Klaw is designed to reduce the complexity of these and other data governance tasks. It functions as a governance layer through which organizations can access their Kafka data. The solution is a central management plane for managing access control lists, implementing data governance policies, and defining schema according to topics.
“To manage topics in Kafka is cumbersome,” Prat noted. “It’s complicated. How can we make this thing accessible for everyone? How can we define certain processes so if you follow those, most people will have a nice experience with Kafka?”
Centralized Governance Capabilities
Implementing Klaw helps with these issues and more. Granted, Klaw users can access Kafka without going through Klaw. However, by accessing Kafka data through Klaw (either via REST APIs or Klaw’s user interface), they can streamline much of the complexity for governing Kafka. Klaw automates calls to Kafka from one place.
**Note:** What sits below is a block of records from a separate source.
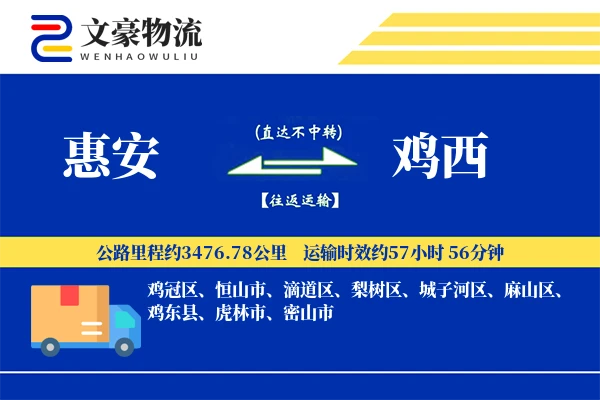 惠安到鸡西物流公司
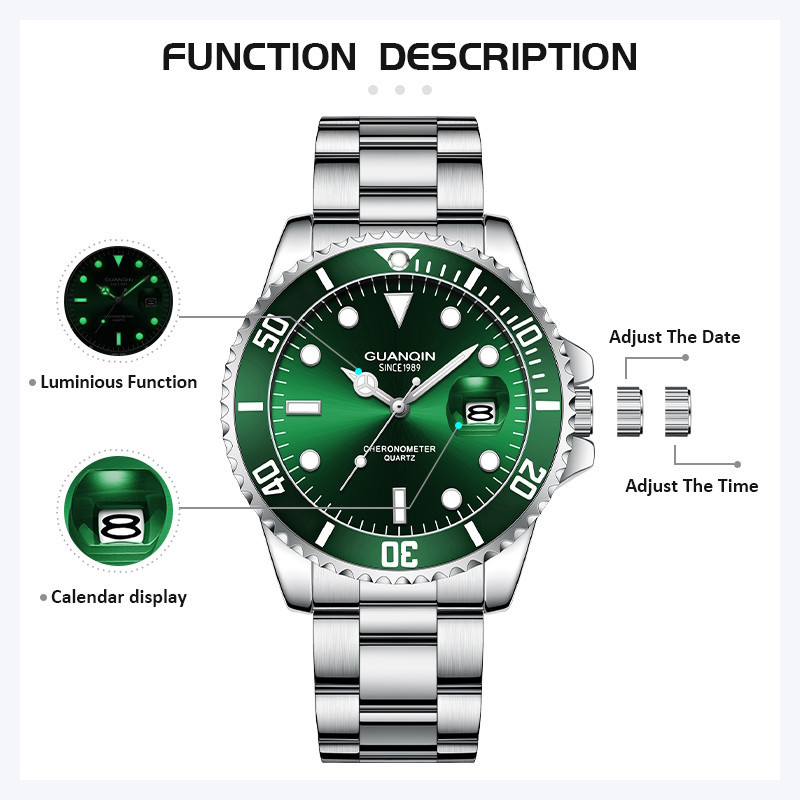 Годинник чоловічий водостійкий Guanquin Materhorn 5 Bar Сріблястий Вінниця - фото 5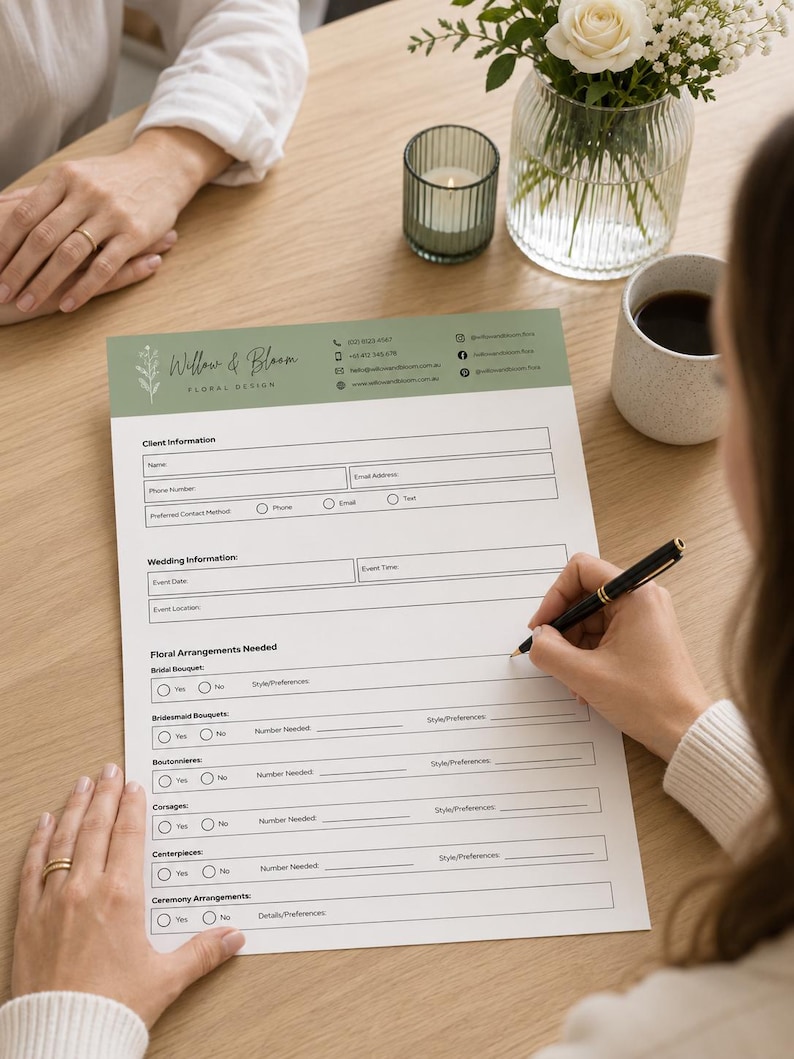 May include: A white floral design client information form with a sage green header featuring the text Willow & Bloom Floral Design. The document includes sections for client details, wedding information, and a checklist for floral arrangements.
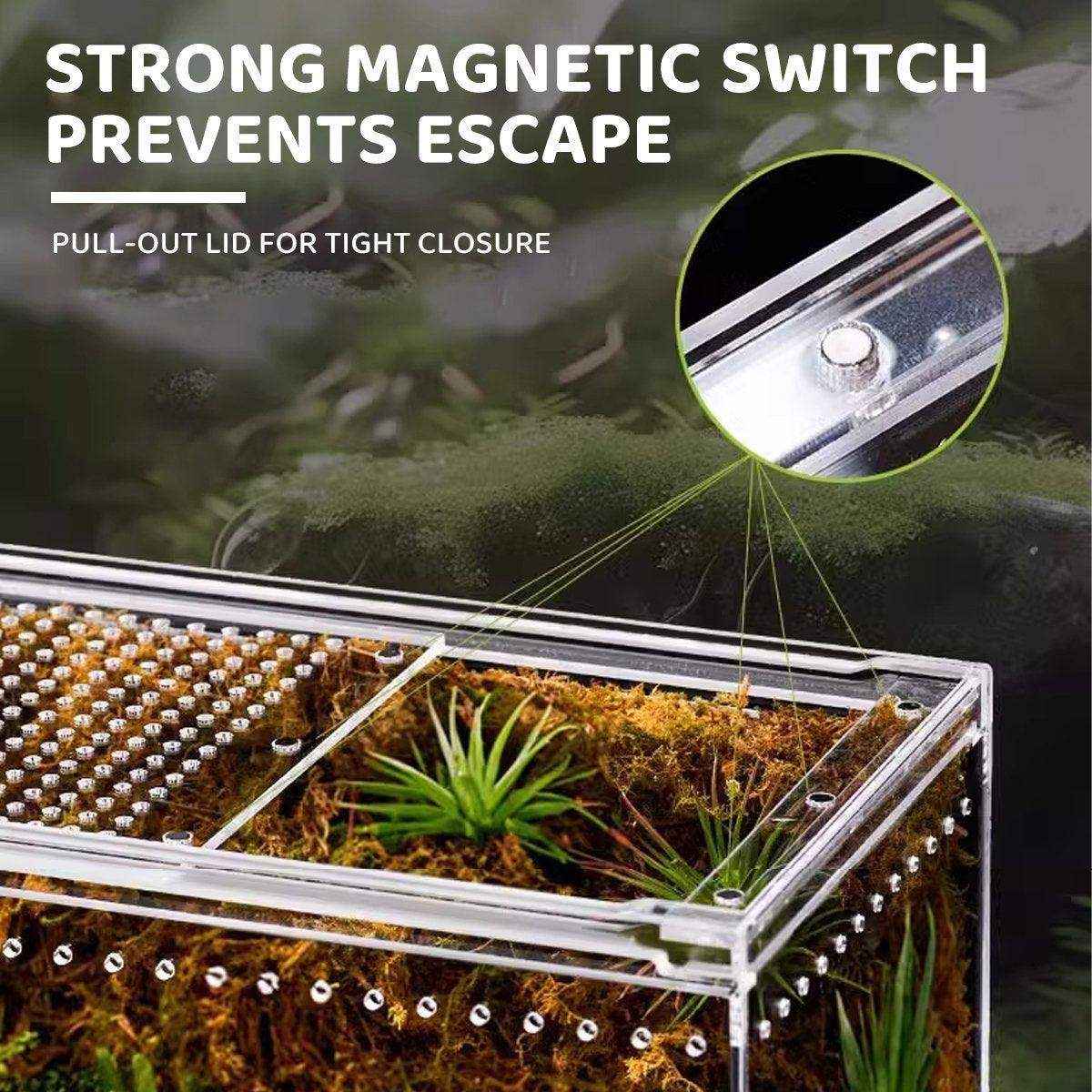 Clear Slide Lid Pet Box Reptile Breeding Habitat Reptile Tank - Image 16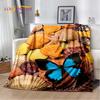 D Cartoon Dream Butterfly Flower Soft Plush BlanketFlannel Blanket Throw Blanket for Living Room Bedroom Bed Sofa Picnic Cover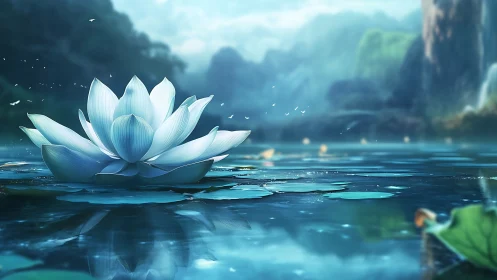 Iridescent blue lotus on tranquil lagoon with misted cliffs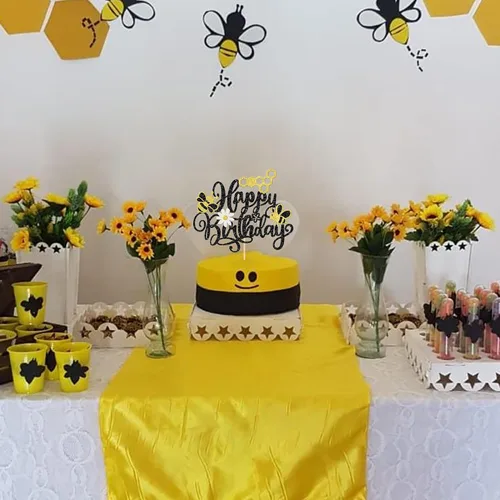 Miniatura 7 de 1 decoración para pastel de cumpleaños con purpurina de panal de abeja y flores, selección de pastel de feliz día para baby shower, suministros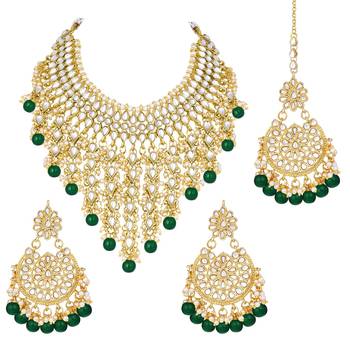 Aheli traditional kundan & pearl drop bridal dulhan necklace earring with maang tikka jewellery set for women 3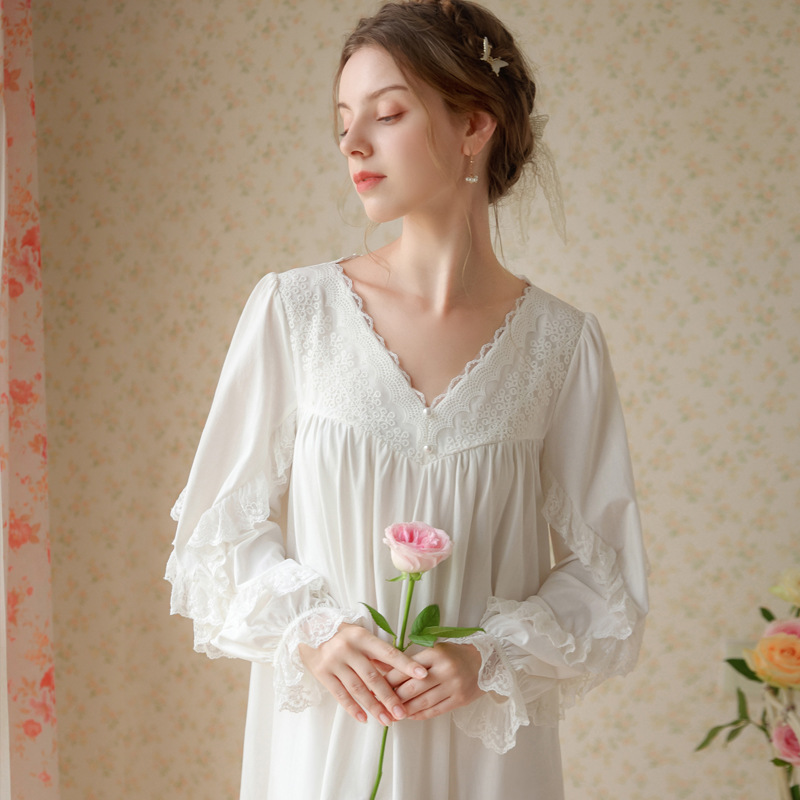 Sweet Lace Cotton Night Dress Women Spring Fall Long Sleeve Peignoir Sleepwear Fairy White Nightwear Vintage Victorian Nightgown alx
It’s also integral for managing different connectors, determining which ones can talk to one other, and understanding which topics they have governance clearance for accessing.
Without Klaw, organizations utilizing Kafka would commonly encounter situations in which, before implementing connectors, “I need to request three, four, five things in five different ways; each thing works differently,” Prat said. “Forget about that. The tool is a central place that will help you make those decisions quicker and more secure.” Klaw contains what Prat termed an “admin-task dashboard” for standardizing the management of topics and connectors. It’s a locus for assigning and understanding ownership of topics and implementing governance based on enterprise rules. “Let’s say we have a topic that has sensitive data,” Prat said. “The owners of that topic are the ones who can define who can write or read to that topic.”
Kafka is a distributed platform for high throughput systems generating numerous types of messages, many of which directly pertain to events in low latent data transmissions. Prat described an e-commerce use case in which different events might be triggered by customers opening a certain web page, placing items in their shopping carts, or initiating the checkout process. The sensitive Payment Card Information following this final event is readily apparent.
All these events are categorized as different topics, which Prat defined as “a semantic collection of messages that will be written and then consumed.” Topics can contain data from multiple producers or sources (such as sensors emitting temperature data) and are consumed by any number of clients. Consequently, it’s critical to understand who owns those topics, who can read and write data about them, and what their schema is to facilitate data governance.
The notion of schema — which is frequently considered for aspects of data modeling and data integration — is essential for properly governing Kafka’s data. Klaw helps define schema and account for what Prat called “schema evolutions” related to the changing of data sources or business requirements. “Schema is how the message looks like, so then everyone consuming that knows exactly what they’re getting out of that topic,” Prat explained. “I’m getting that message; it looks like that. It has this shape and I know what I’m getting.”
Topics readily incorporate modifications to business requirements to help schema evolve to reflect new or ongoing elements to messages. “All that stuff, who can read, who can write, the schema definitions, that’s the management of the data governance of that topic,” Prat remarked.
Real-Time Data Governance
Klaw is a viable means of governing data from Kafka. It’s useful for ensuring even these real-time, voluminous data amounts adhere to the rigors of data privacy and regulatory compliance characteristic of many data governance programs. By encompassing these capabilities in an open source framework, Aiven seeks to democratize them to users of varying size, financial backing, and sophistication.